→ **Problem**:
In the data below, locate the line containing "Mopar 6DA90LXHAA Air Bag Driver, Driver Side" and the line containing "Yamaha original seat", then retype both and everything between them exactly. Pictures are not part of the copy.

→ **Data provided**:

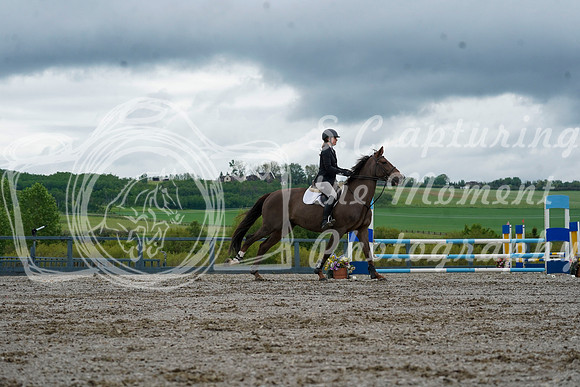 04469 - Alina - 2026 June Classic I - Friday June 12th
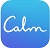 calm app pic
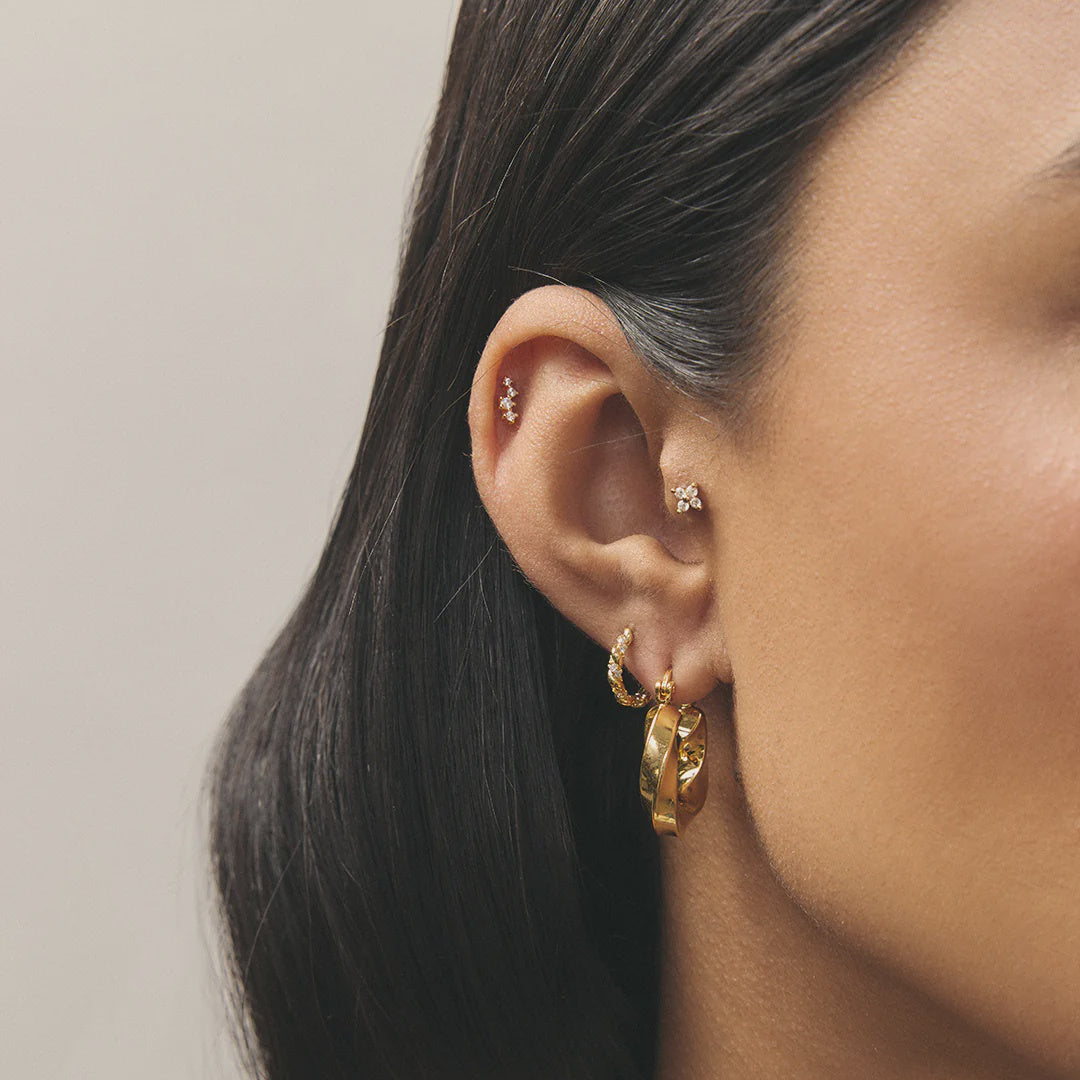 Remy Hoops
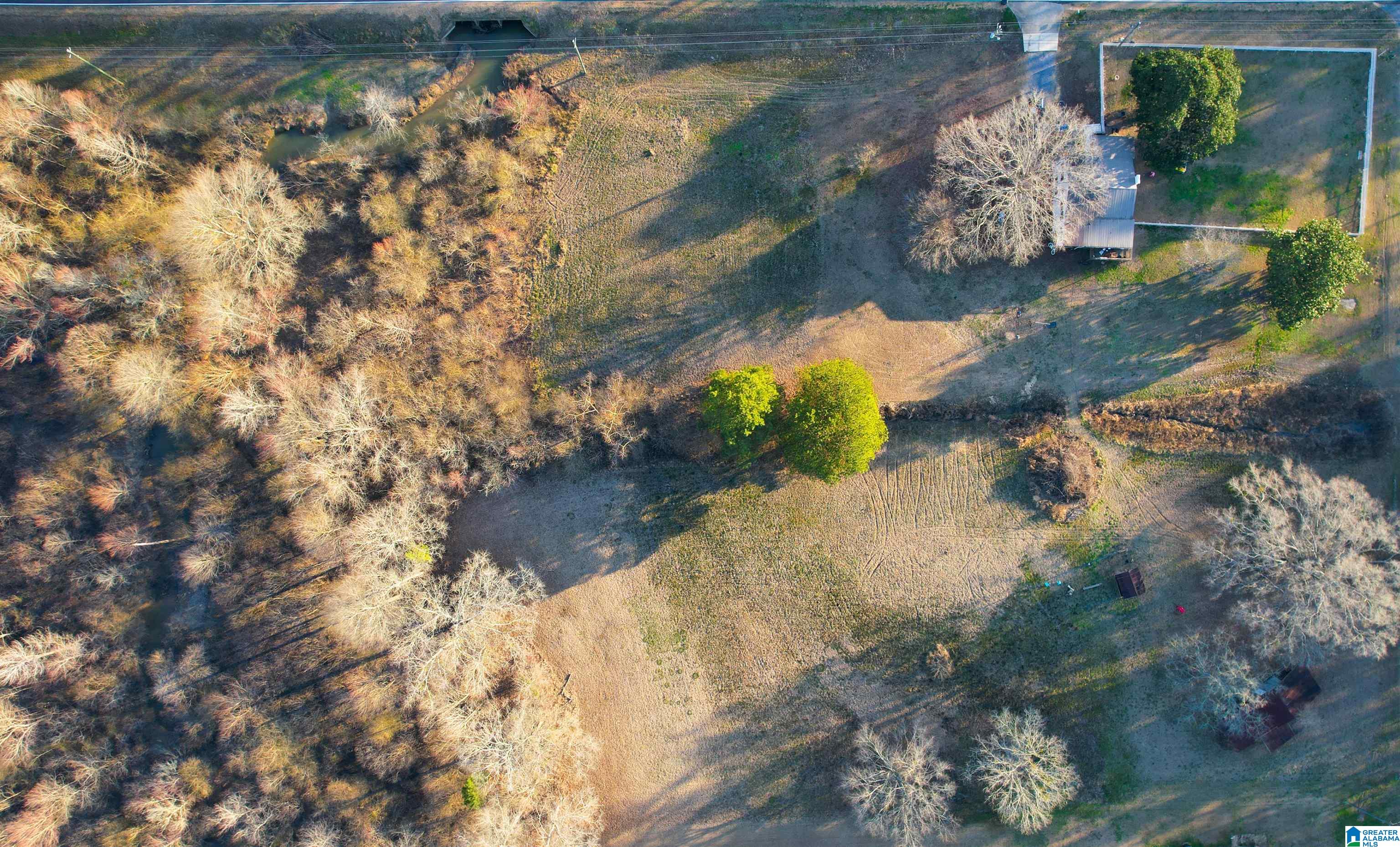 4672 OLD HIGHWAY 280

* * *

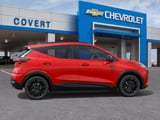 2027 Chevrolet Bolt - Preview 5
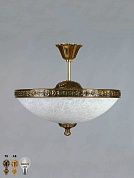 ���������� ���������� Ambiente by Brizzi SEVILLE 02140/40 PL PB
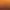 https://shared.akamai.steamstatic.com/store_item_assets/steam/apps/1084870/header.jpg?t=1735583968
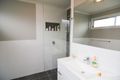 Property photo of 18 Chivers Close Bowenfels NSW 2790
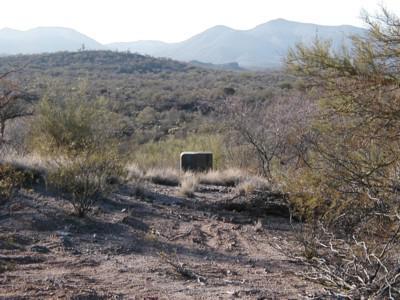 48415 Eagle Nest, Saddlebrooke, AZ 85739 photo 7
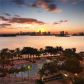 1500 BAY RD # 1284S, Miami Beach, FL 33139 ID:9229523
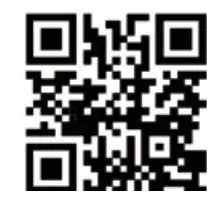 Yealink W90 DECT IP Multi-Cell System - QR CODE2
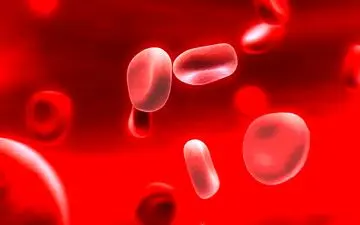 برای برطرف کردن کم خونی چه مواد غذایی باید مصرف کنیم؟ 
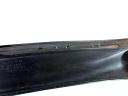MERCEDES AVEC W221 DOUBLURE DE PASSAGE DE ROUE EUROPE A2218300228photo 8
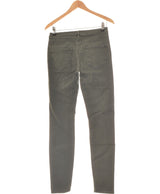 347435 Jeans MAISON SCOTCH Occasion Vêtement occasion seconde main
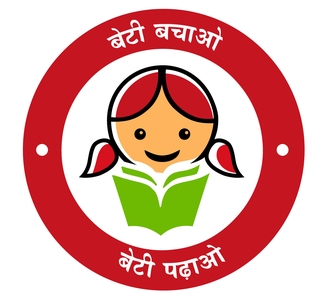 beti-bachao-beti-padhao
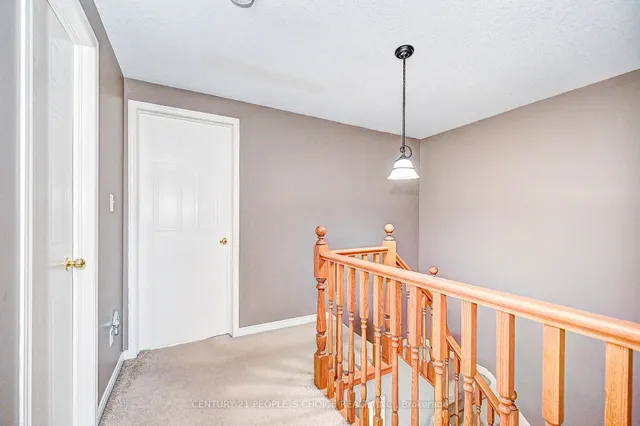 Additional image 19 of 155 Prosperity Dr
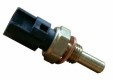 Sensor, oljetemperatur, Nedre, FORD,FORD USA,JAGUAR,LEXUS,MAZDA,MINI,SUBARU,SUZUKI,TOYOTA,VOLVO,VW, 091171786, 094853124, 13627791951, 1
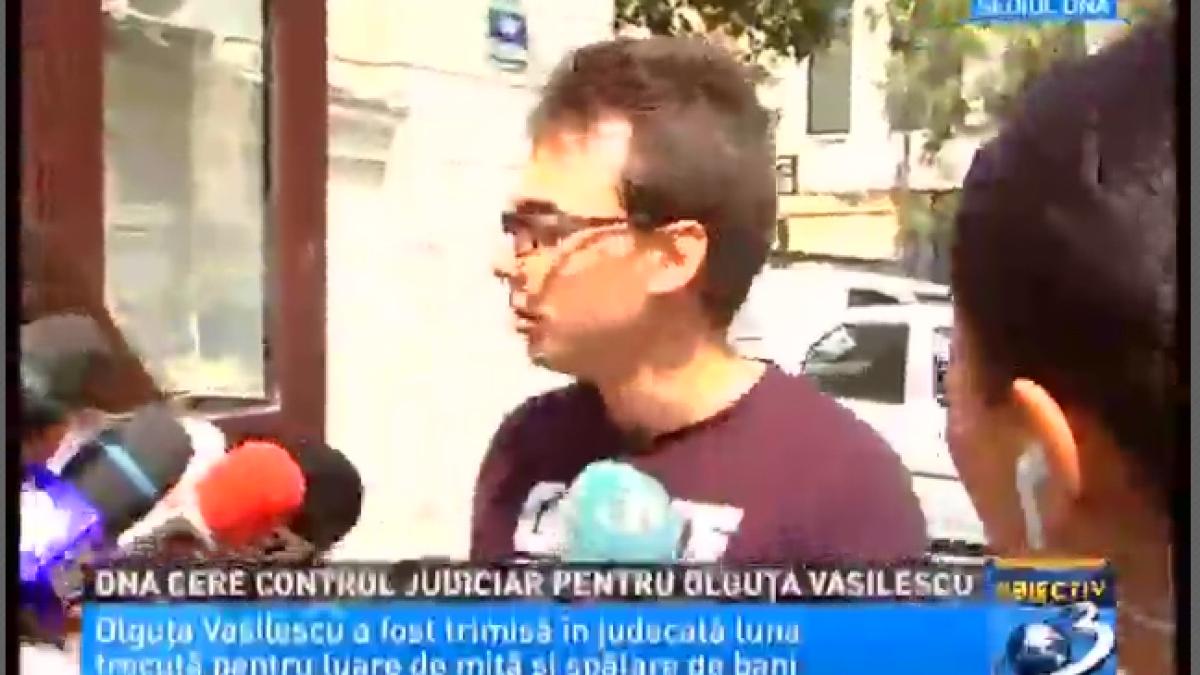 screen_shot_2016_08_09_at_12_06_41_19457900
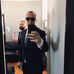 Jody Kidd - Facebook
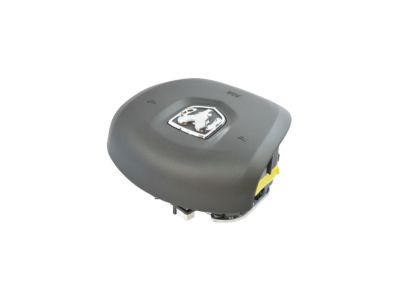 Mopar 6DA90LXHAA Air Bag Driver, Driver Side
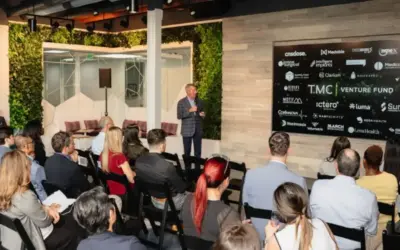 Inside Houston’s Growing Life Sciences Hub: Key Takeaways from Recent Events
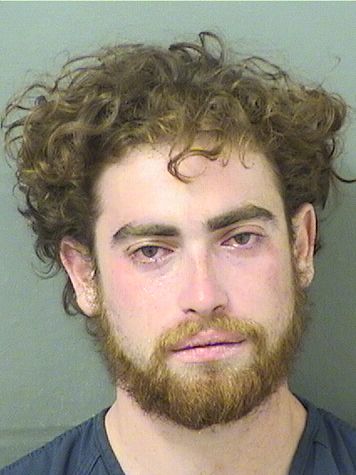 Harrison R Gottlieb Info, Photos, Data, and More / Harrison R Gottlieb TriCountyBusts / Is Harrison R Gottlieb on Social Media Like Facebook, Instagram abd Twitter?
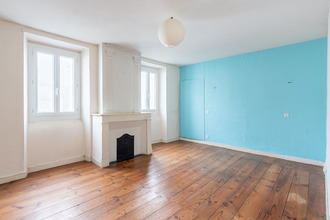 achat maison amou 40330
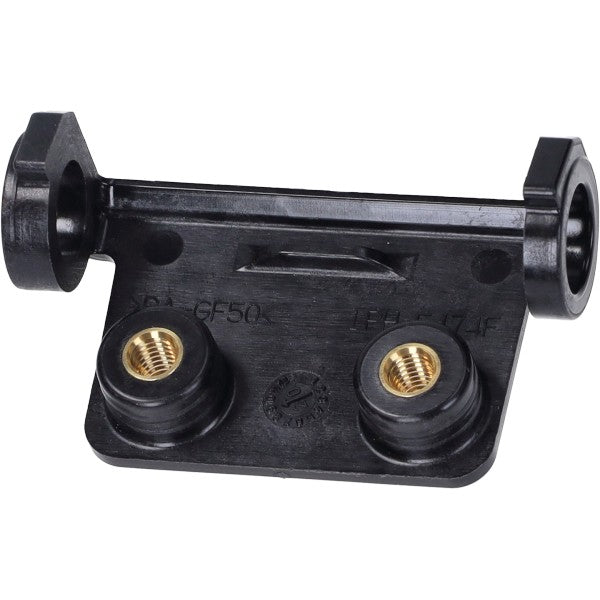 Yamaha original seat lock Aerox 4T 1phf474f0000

→ **Answer to this exercise**:
 Mopar 6DA90LXHAA Air Bag Driver, Driver Side
 Inside Houston’s Growing Life Sciences Hub: Key Takeaways from Recent Events
 Harrison R Gottlieb Info, Photos, Data, and More / Harrison R Gottlieb TriCountyBusts / Is Harrison R Gottlieb on Social Media Like Facebook, Instagram abd Twitter?
 achat maison amou 40330
 Yamaha original seat lock Aerox 4T 1phf474f0000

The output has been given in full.